Azaceta est un très grand dessinateur, qui n'a pas la reconnaissance qu'il mérite, et qui actuellement officie sur des moitiés d'épisodes du Punisher de Jason Aaron (avec Jesus Saiz comme co-artiste). Adepte du "less is more" de Alex Toth, évoluant dans le registre du regretté John Paul Leon, avec des à-plats noirs fascinants et des contrastes saisissants, ses planches sont magnifiques et il est certain que si Marvel avait un Black Label, le rêve serait de le voir produire un récit complet ou une mini-série, qu'il écrirait et dessinerait.

Moon Knight lui va comme un gant, mais sans doute sa prestation aurait-elle été encore plus appréciable avec une histoire plus fournie, moins rabachée.

Panini va sûrement traduire ça prochainement et le vendre à un prix exorbitant. Je ne le conseillerai qu'aux mordus de MK et si vous avez évidemment de l'argent en trop.

jeudi 24 mars 2022

ELEKTRA : BLACK, WHITE & BLOOD #3, de Ann Nocenti et Federico Sabbatini, Paul Azaceta, David Pepose et Danilo Beyruth


Les numéros de l'anthologie Elektra : Black, White & Blood se suivent et se ressemblent de manière confondante. Déjà dans les deux précédents exemplaires, j'avais noté qu'une histoire surnageait nettement sur ls trois que comptait chaque fascicule. C'est encore le cas ce mois-ci, avec un casting des plus divers, mais où domine le segment écrit et dessiné par Paul Azaceta.

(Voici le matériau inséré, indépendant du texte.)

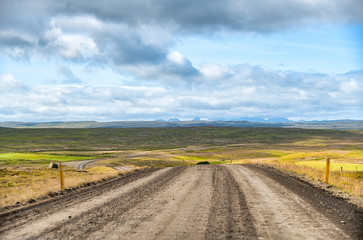Beautiful landscape scenario with dramatic sky along the ring road, route 1 in Iceland
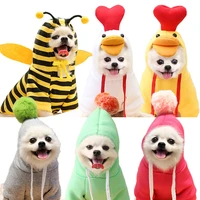 cartoon dog clothes cute bee chicken pet clothing for small dog hoodies pomeranian bichon bulldog clothes puppy sweatshirt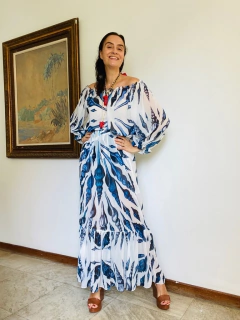 Blusa Bufante Chiffon Concha Azul - loja online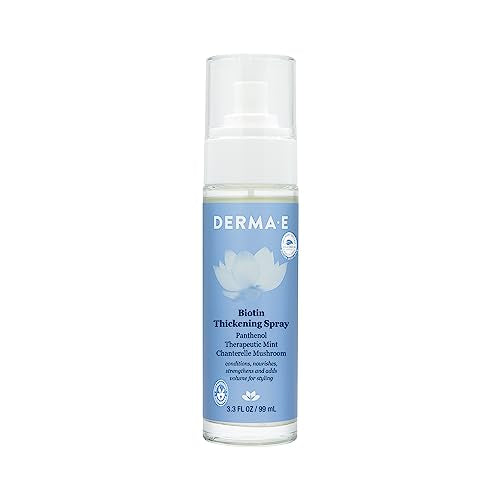 Derma E Biotin Thickening Spray - Volumizing & Nourishing for Stronger Hair - 3.3 Fl Oz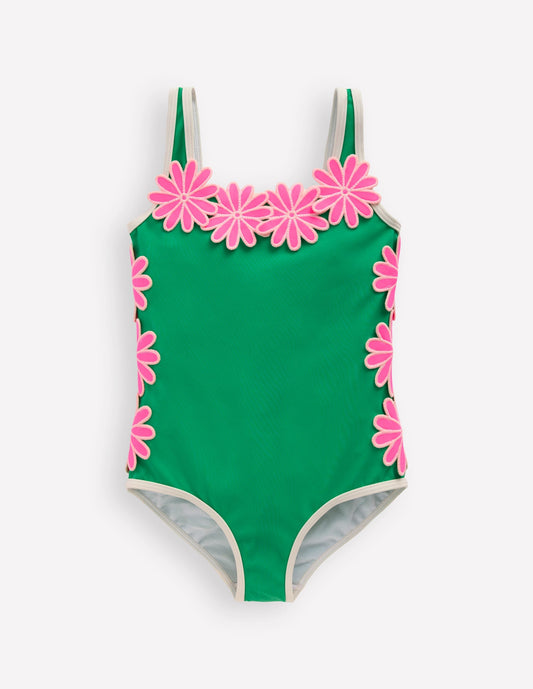 Appliqué Swimsuit-Pea Green/Sorbet Pink Daisy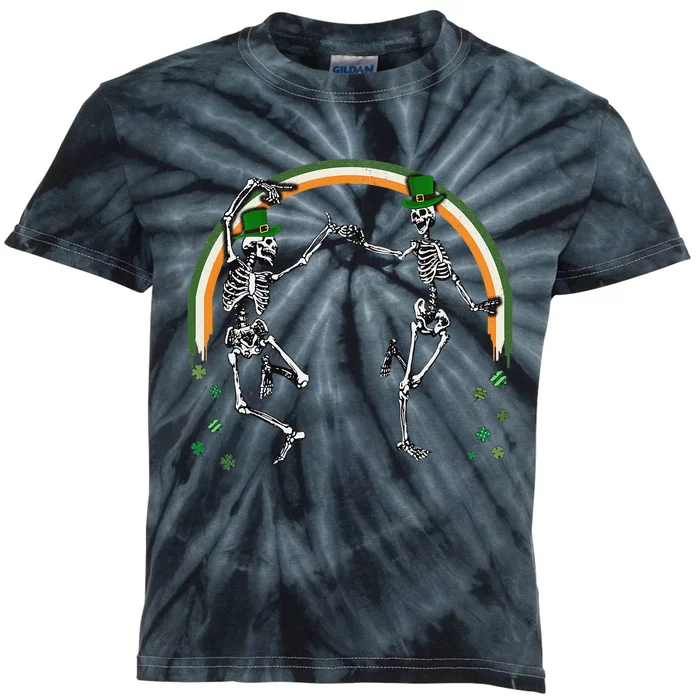 St Patrick's Day Skeleton Dancing Skeletons Kids Tie-Dye T-Shirt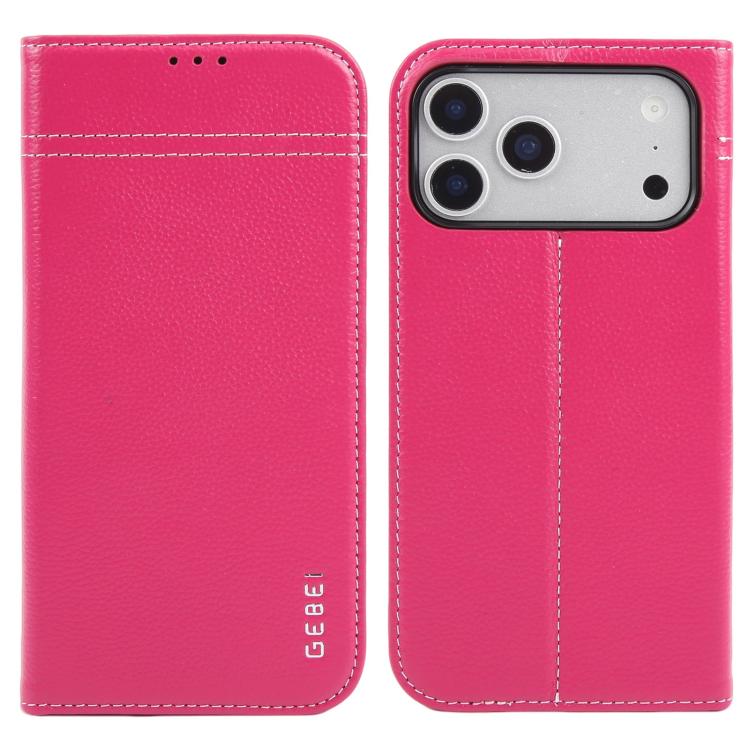 For iPhone 17 Pro Max GEBEI Top-grain Horizontal Flip Leather Phone Case(Rose Red)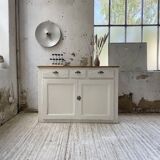 Meuble de métier enfilade patine blanche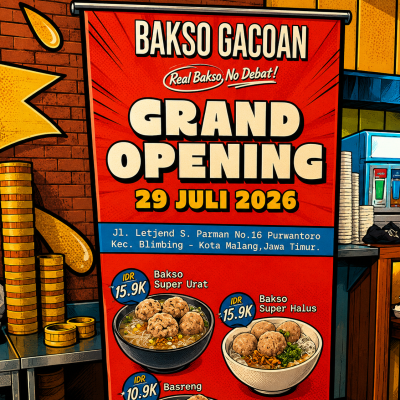 Grand Opening 29 Juli, Bakso Gacoan Bikin Pecinta Kuliner Malang Tak Sabar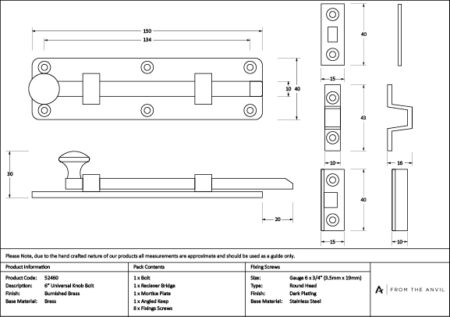 Burnished Brass 6" Universal Bolt | 52460 - Image 3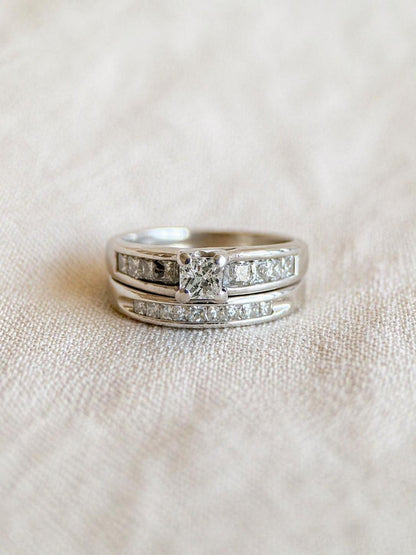 Vintage Princess Cut Diamond Engagement Ring & Wedding Band Set, Platinum, 14k, Channel Cathedral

- Split (Ecrit par Ann Nocenti, dessiné par Federico Sabbatini) - Enfermée dans la cellule d'un asile, Elektra, qui feint de prendre les médicaments qu'on lui prescrit, organise son évasion. Elle entraîne dans ce projet Mary, co-détenue avec elle, et qui entend des voix...


- With a Passion (Ecrit et dessiné par Paul Azaceta) - Daredevil surprend Elektra alors qu'elle va tuer une femme. Ils s'affrontent. Auc coups succède une etreinte passionnée. Daredevil endormi, Elektra file pour remplir son contrat mais sa conscience la rattrape...

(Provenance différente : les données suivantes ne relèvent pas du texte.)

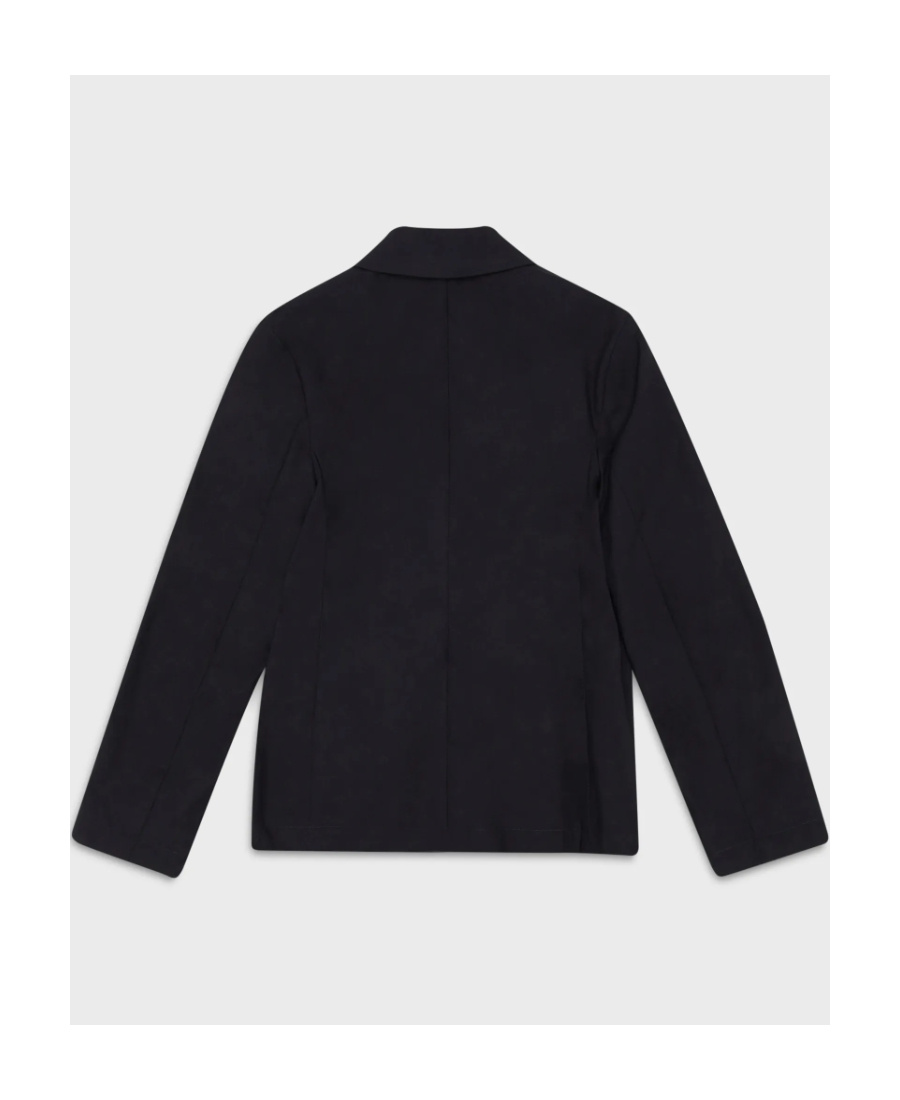 Emporio Armani Notched-lapels Cotton Blazer In Black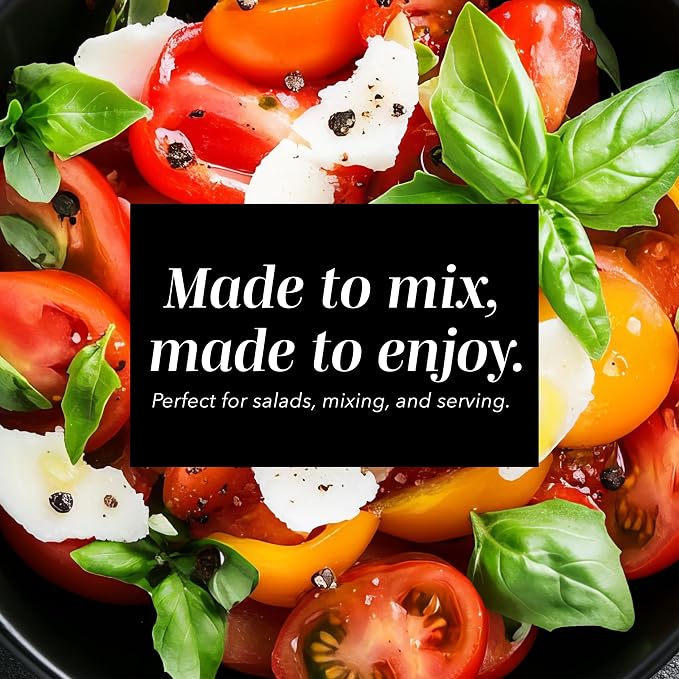COOK WITH COLOR Mixing Bowls with Lids - 12 Piece Plastic Nesting Bowls Set includes 6 Prep Bowls and 6 Lids, Microwave Safe Mixing Bowl Set, Black Embossed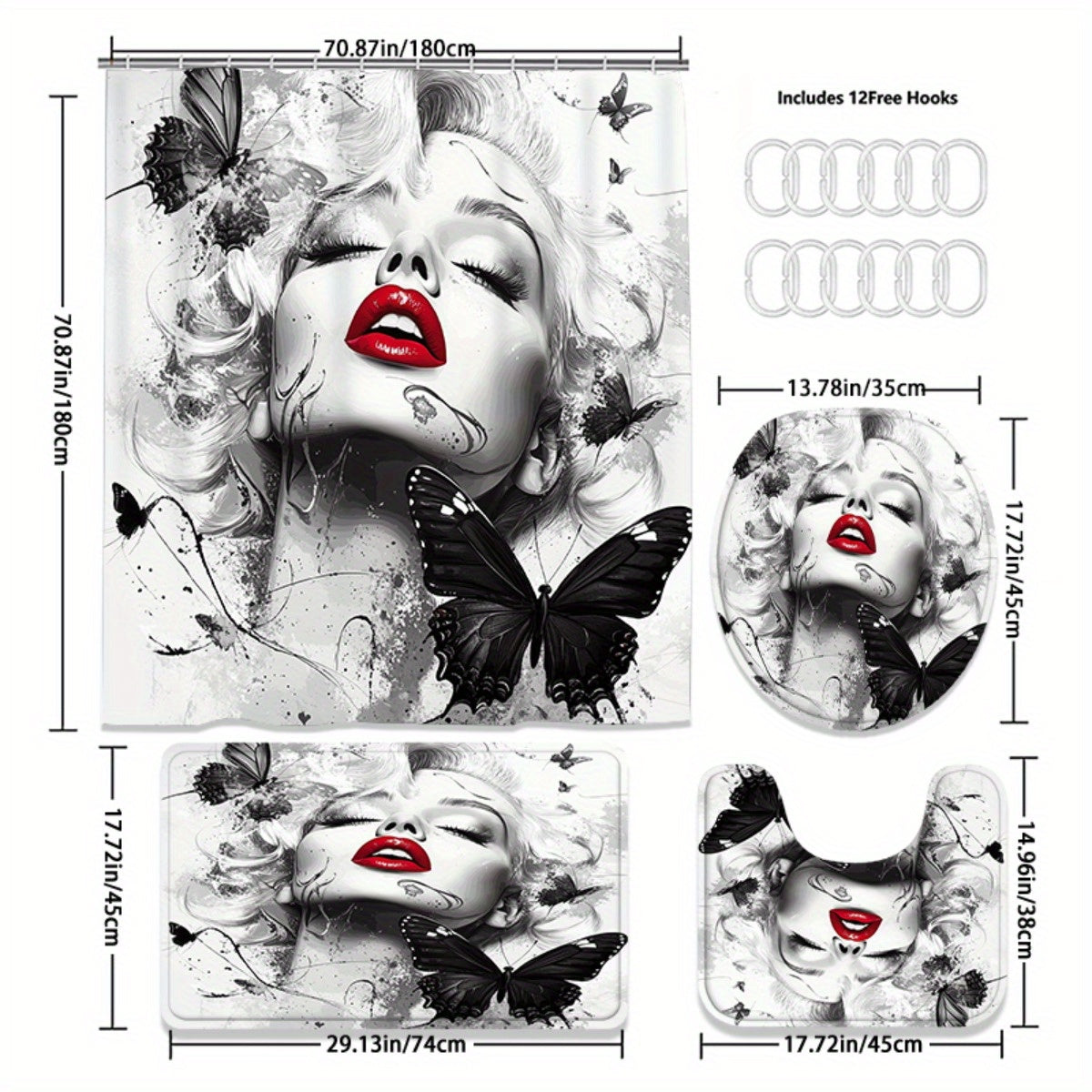 1/3/4pcs Butterfly Kiss II Shower Curtain Set, Black and White Background Red Lip Butterfly Print Bathroom Decor, Includes Bath Mat, U-Shaped Mat, Toilet Lid Cover, 70.87x70.87inch, Curtain with 12 Hooks, "Butterfly Kiss II,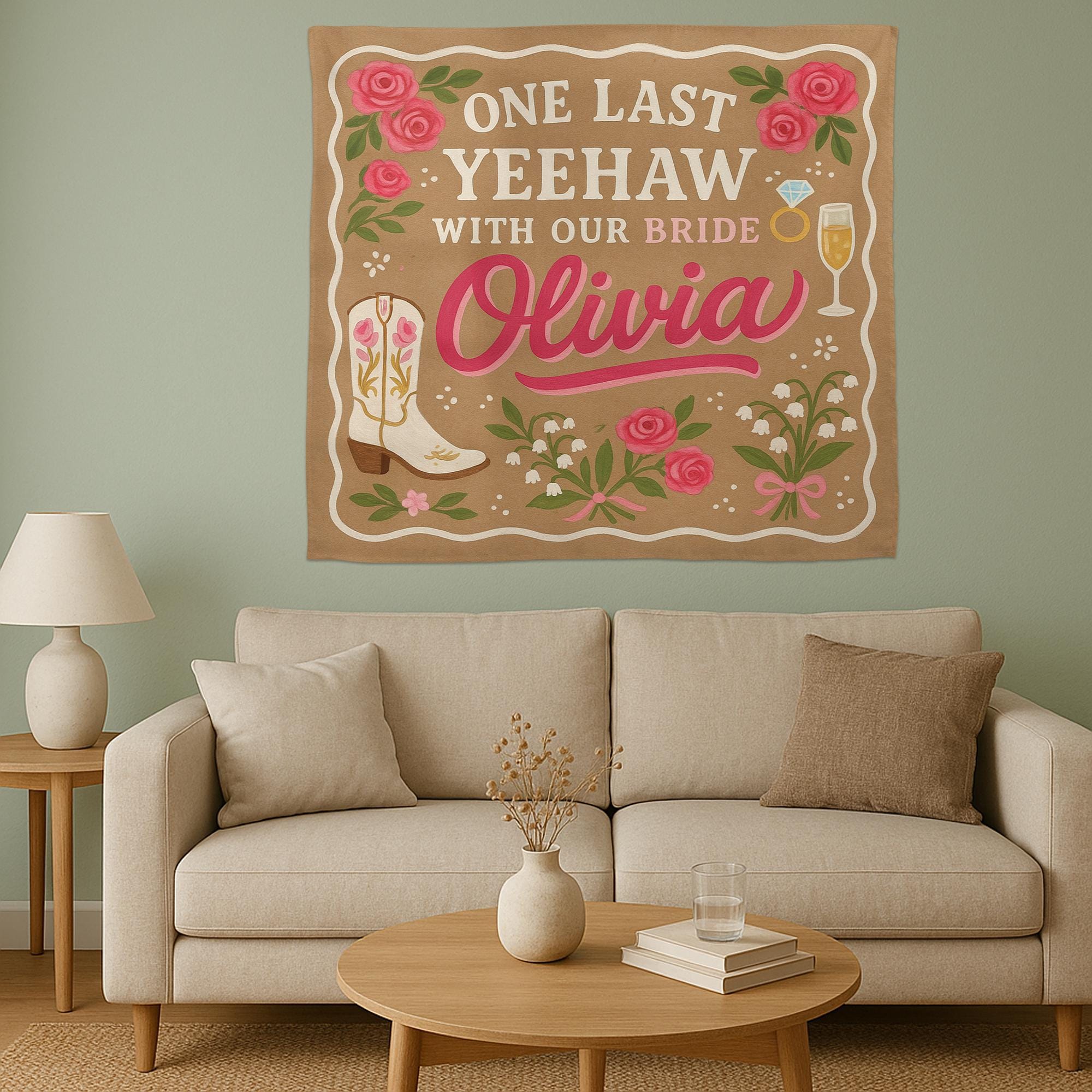 One Last Yeehaw Bridal Shower Tapestry, Western Bachelorette Party Banner, Cowgirl Bride Decor, Personalized Country Sign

- Weapons of Choice (Ecrit par David Pepose, dessiné par Danilo Beyruth) - Elektra s'introduit dans la "Chambre Rouge" où sont formées les Black Widows. Elle affronte Natasha Romanoff avant d'être maîtrisée par les autres élèves. Mais elle a réussi à s'approcher ainsi d'une machine qui contrôle l'esprit des espionnes...

Jusqu'à présent, chaque numéro de Elektra : Black, White & Blood m'a intéressé pour un artiste en particulier, qui, en outre, écrivait l'histoire qu'il illustrait. D'abord, ce fut Leonardo Romero, puis ensuite Greg Smallwood. A chaque fois, je ne fus pas déçu, car ils dominaient les débats, réussissant à raconter quelque chose d'efficace avec des images splendides.

L'histoire se répéte de façon troublante puisque c'est encore ce qui se passe dans ce troisième numéro de l'anthologie consacrée à Elektra Natchios. Trois nouvelles plaisantes, mais très inégales, où seul un artiste sort du lot, par le brio de sa narration et la magie de ses visuels.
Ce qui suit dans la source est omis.